- _REQUIRED WORK_
From the records below, transcribe exactly the lines that begin at the line with "Open the centrifuge" and end at the line with "Did you see", both included.

- _DATASET EXCERPTS_
# # # # # # #
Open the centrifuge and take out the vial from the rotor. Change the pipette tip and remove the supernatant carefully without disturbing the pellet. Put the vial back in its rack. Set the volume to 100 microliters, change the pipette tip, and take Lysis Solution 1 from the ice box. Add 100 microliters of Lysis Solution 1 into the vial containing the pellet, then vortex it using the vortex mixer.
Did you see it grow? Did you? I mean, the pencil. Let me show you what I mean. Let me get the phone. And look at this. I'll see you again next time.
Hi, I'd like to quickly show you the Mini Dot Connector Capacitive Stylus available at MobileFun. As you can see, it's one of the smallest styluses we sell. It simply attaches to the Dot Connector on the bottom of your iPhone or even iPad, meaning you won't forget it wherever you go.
# # # # # # #
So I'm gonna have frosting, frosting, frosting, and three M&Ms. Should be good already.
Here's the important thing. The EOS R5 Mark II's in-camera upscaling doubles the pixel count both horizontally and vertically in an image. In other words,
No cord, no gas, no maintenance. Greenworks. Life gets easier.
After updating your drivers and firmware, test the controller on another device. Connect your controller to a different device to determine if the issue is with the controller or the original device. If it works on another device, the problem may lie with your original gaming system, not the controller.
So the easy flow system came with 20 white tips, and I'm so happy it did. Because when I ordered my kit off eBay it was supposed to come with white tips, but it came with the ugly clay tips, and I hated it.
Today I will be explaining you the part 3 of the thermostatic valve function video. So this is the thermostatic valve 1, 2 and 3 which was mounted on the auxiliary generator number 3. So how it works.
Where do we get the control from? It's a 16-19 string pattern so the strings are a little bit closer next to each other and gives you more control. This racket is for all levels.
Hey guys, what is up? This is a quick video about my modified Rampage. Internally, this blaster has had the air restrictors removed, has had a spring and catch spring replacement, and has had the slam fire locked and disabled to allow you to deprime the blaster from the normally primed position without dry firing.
# # # # # # #
- _YOUR RESPONSE_
Open the centrifuge and take out the vial from the rotor. Change the pipette tip and remove the supernatant carefully without disturbing the pellet. Put the vial back in its rack. Set the volume to 100 microliters, change the pipette tip, and take Lysis Solution 1 from the ice box. Add 100 microliters of Lysis Solution 1 into the vial containing the pellet, then vortex it using the vortex mixer.
Did you see it grow? Did you? I mean, the pencil. Let me show you what I mean. Let me get the phone. And look at this. I'll see you again next time.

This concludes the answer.